By NEIL MODIE Mail Author
SEATTLE POST-INTELLIGENCER REPORTER

Photo of boy riding bike over railroad tracks  
As many as eight passenger trains a day used to stop in Skykomish, one of the reasons Rosemarie Williams remembers her childhood in the 1930s as "a really good time to grow up here."

"When the train used to stop here, it was wonderful. People could go from here to Everett or the other little towns down the (Skykomish River) valley, or to Seattle," says Williams, 69, whose father and husband were railroaders.

"We had stable families. We had employment -- we had the railroad, we had the cement plant, we had the lumber mill, we had the logging, we had the Forest Service."

That small-town cohesiveness and community self-reliance are still evident here. And trains, 29 a day, still thunder through the middle of town. But they no longer stop.

In fact, officials of the Burlington Northern & Santa Fe Railway tried last year to have the town lift the 25 mph speed limit for trains passing through Skykomish, despite the close proximity of the tracks to downtown and the Skykomish School. Town leaders squelched the request.

The old Great Northern Railway that built this Cascade foothills community was merged long ago into what now is the BN & Santa Fe. The tracks, slicing Skykomish in half, symbolize both the glory days of the town's past and the problems it faces today.

In the first half of the century, the community near the upper end of the Skykomish River valley was a booming, brawling railroad and logging town, remote but filled with activity and jobs.

Gold, silver and copper miners added to the raucous social mix. More optimistic than successful, they left behind such names as Money Creek and Gold Bar, the town 20 miles down the Skykomish Valley.

Today Skykomish still has many of the buildings of its boom days, and appears much the way it did then, only smaller.

Ted Cleveland is a retired Great Northern engineer who was born in Skykomish in 1930, moved away as a teenager and eventually moved back.

"What's happened in Skykomish is, first of all, the mill went out; then the cement plant went out; the railroad went out because they changed their way of railroading; and then the logging went out because everything got logged off," says Cleveland, now the mayor of Skykomish.

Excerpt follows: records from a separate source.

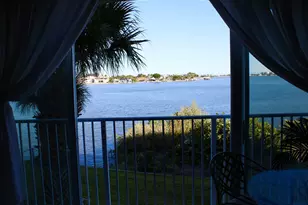 3 E Harbour Isle Dr E, Fort Pierce, FL 34949 - Photo 5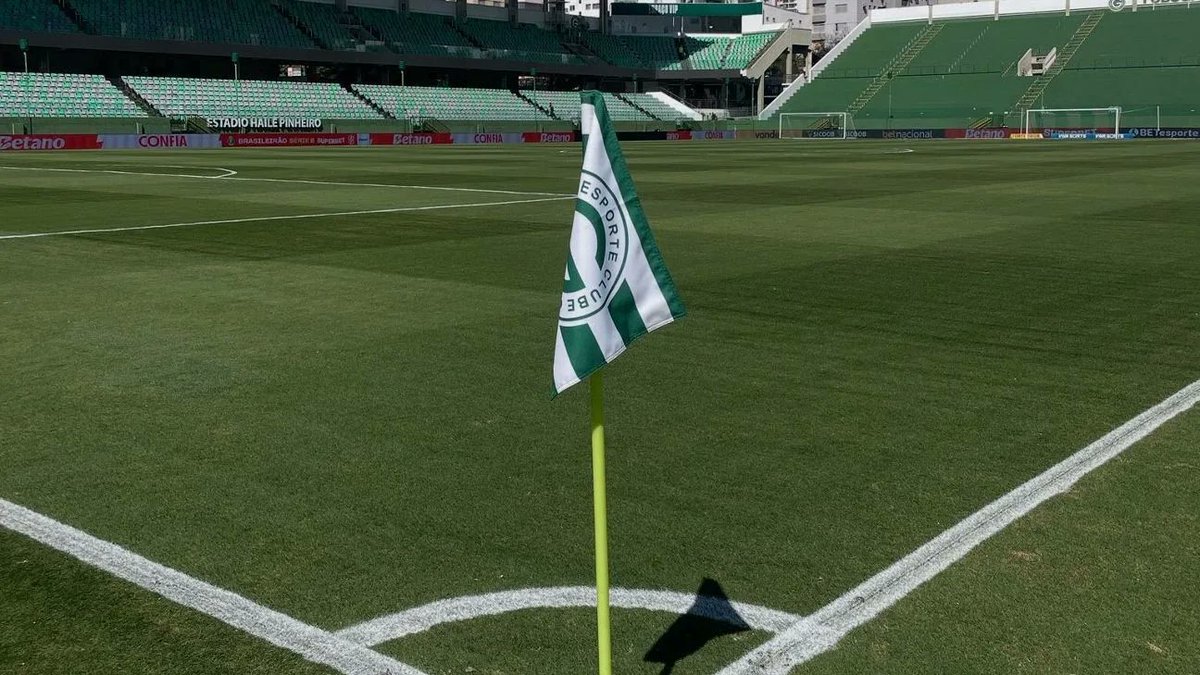 ExtraNewsGoias's tweet photo. Goiás x Criciúma: onde assistir ao vivo, horário, escalações e arbitragem da Série B https://t.co/gB8XEUObhz https://t.co/EecH7S0obp
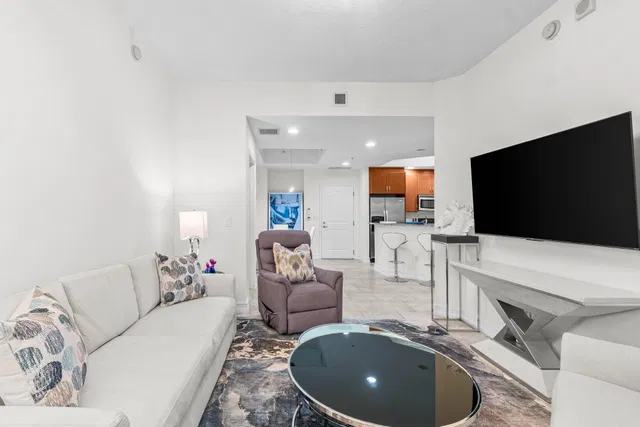 Two City Plaza Unit 807 photo 6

What remains from railroad days is a legacy of pollution, some of it more than a century old.

For decades, untold thousands of gallons of diesel and bunker oil spilled and leaked into the ground and the South Fork Skykomish River from the Great Northern's former fueling and electrical transmission operations at Skykomish. The severity and extent of the problem aren't yet known.

When Cleveland was a youngster in the 1940s, he remembers that "you'd never fish below the bridge into town ... because your fishing pole would be clogged with oil."

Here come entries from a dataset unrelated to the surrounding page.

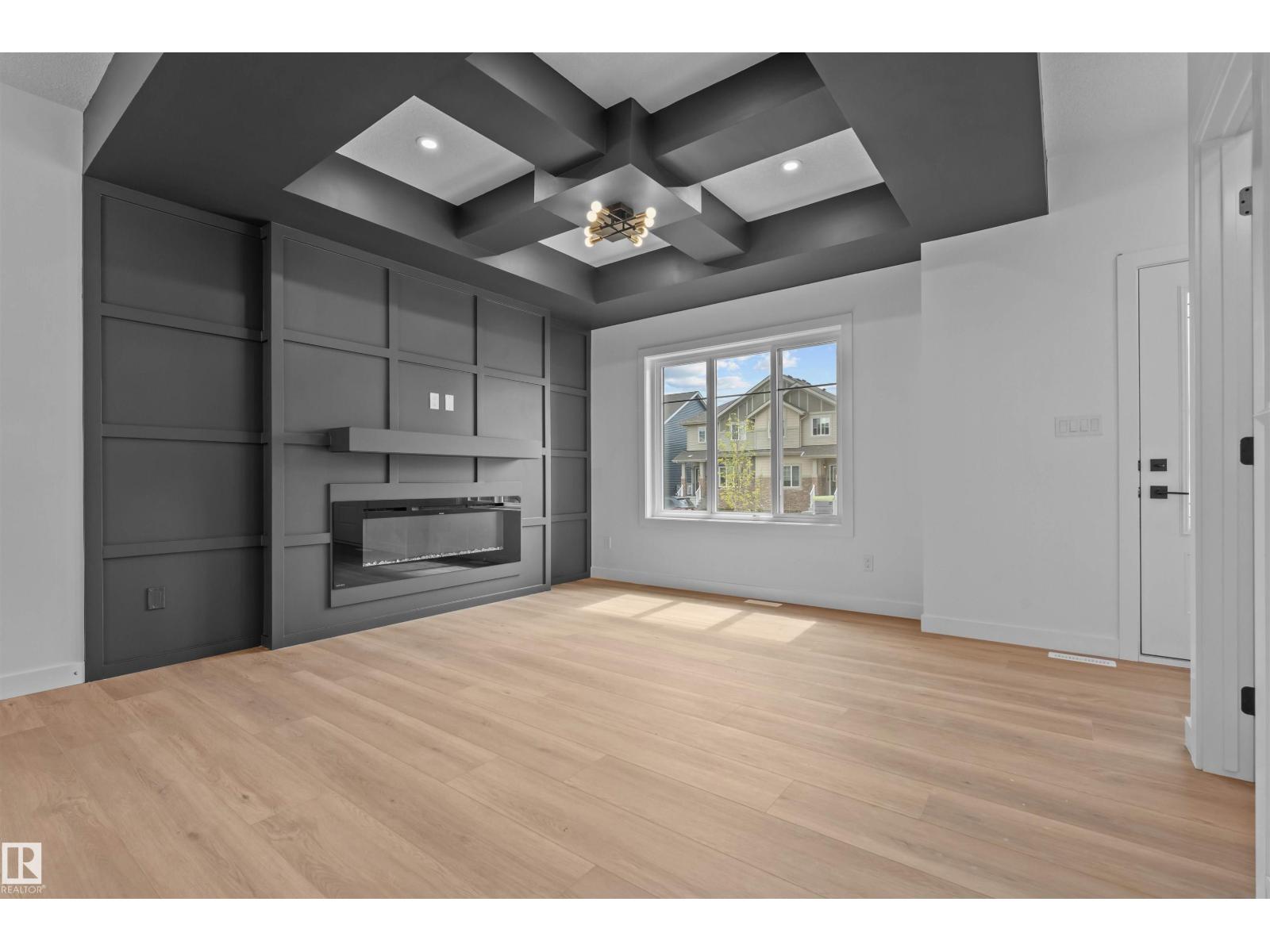 9905-9909 107 AV - Photo 3 of 16, Morinville, Alberta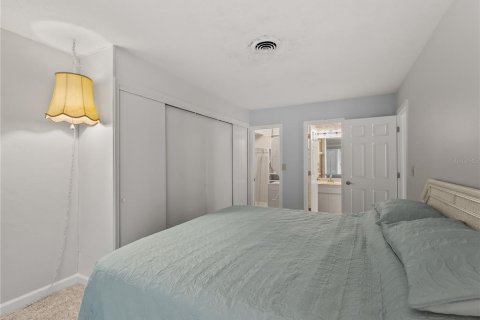 Condo in Venice, Florida, 2 bedrooms  № 2277165 - photo 21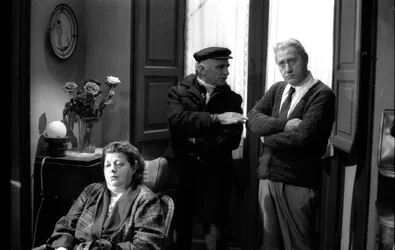 Alberto Sordi, Mario Monicelli und Shelley Winters auf der Bühne von "Un borghese piccolo piccolo", Regie Mario Monicelli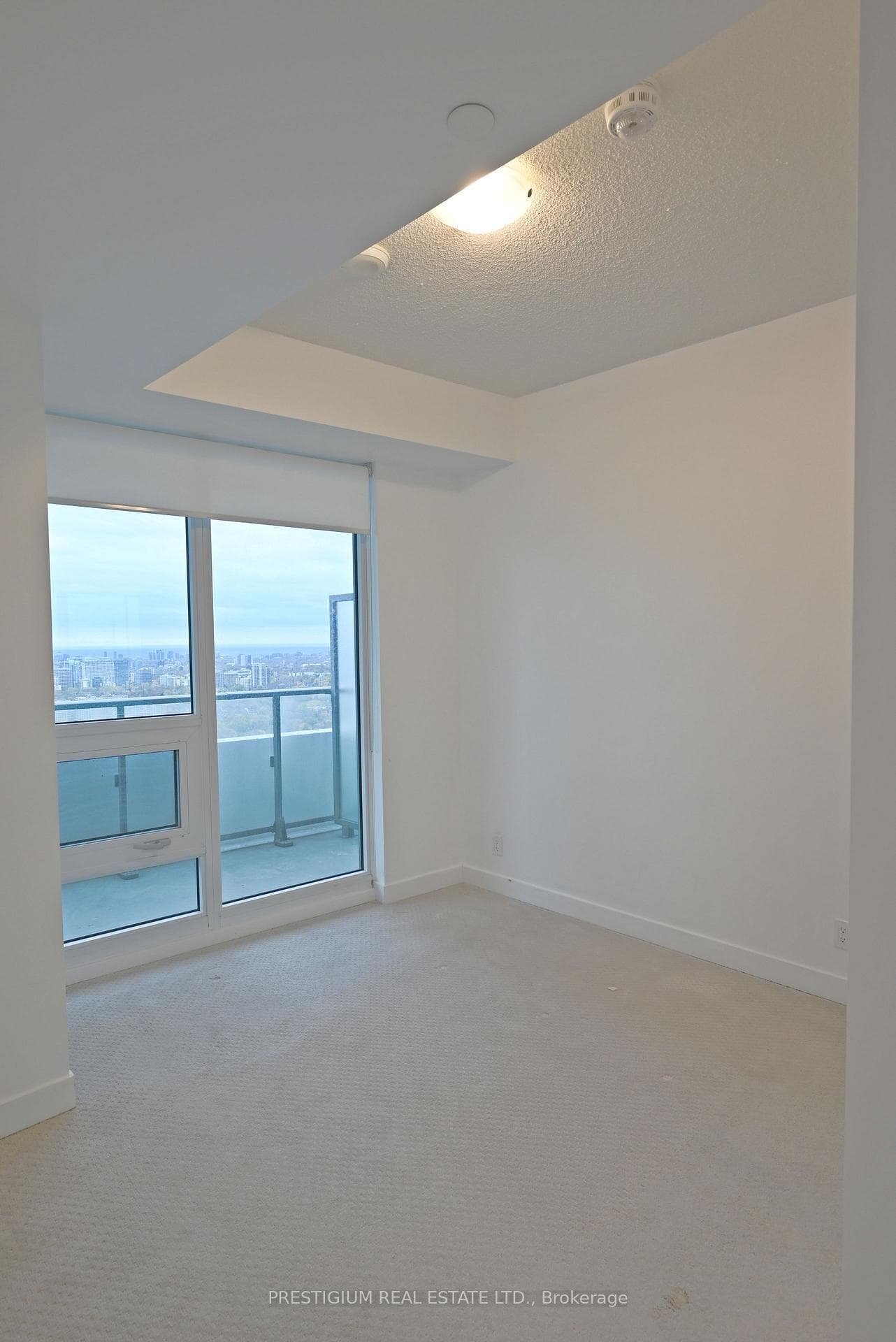 2221 Yonge Street Unit 3907 photo 5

"We really do not know how much is down there," says Lorna Goebel, a Skykomish resident and geochemist, recently retired from the University of Washington. "We know it's a very large amount. Some people have even said it's the largest spill in the state."

Goebel is a member of the Skykomish Environmental Coalition, which is working on the problem with representatives of the railroad and the state Department of Ecology.

Most townspeople don't seem deeply concerned with the problem, however.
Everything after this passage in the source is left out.